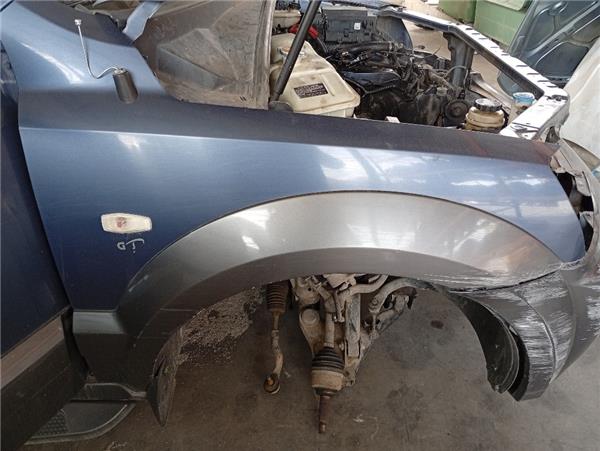 aleta delantera derecha kia sorento bl 2002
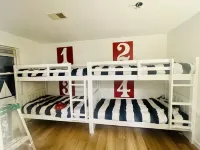 Remodeled Water-Front Lake Cottage with Dock! Kayaks Provided!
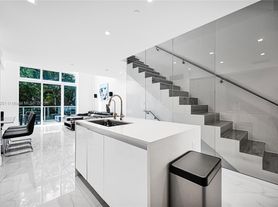 455 NE 39th St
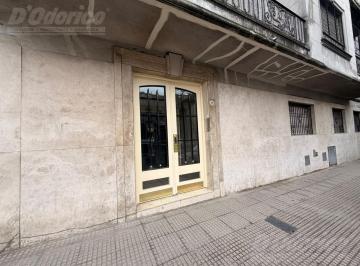 Departamento · 67m² · 3 Ambientes · Semi Piso de 2 Dorm.c/dependencia de Servicio y Patio en Venta en Flores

> [PROBLEM DESCRIPTION]
Without including any pictures, set down word for word every line from the one containing "Remodeled Water-Front Lake" through the last line of the material.

> [ANSWER BOX]
 Remodeled Water-Front Lake Cottage with Dock! Kayaks Provided!
 455 NE 39th St
 Departamento · 67m² · 3 Ambientes · Semi Piso de 2 Dorm.c/dependencia de Servicio y Patio en Venta en Flores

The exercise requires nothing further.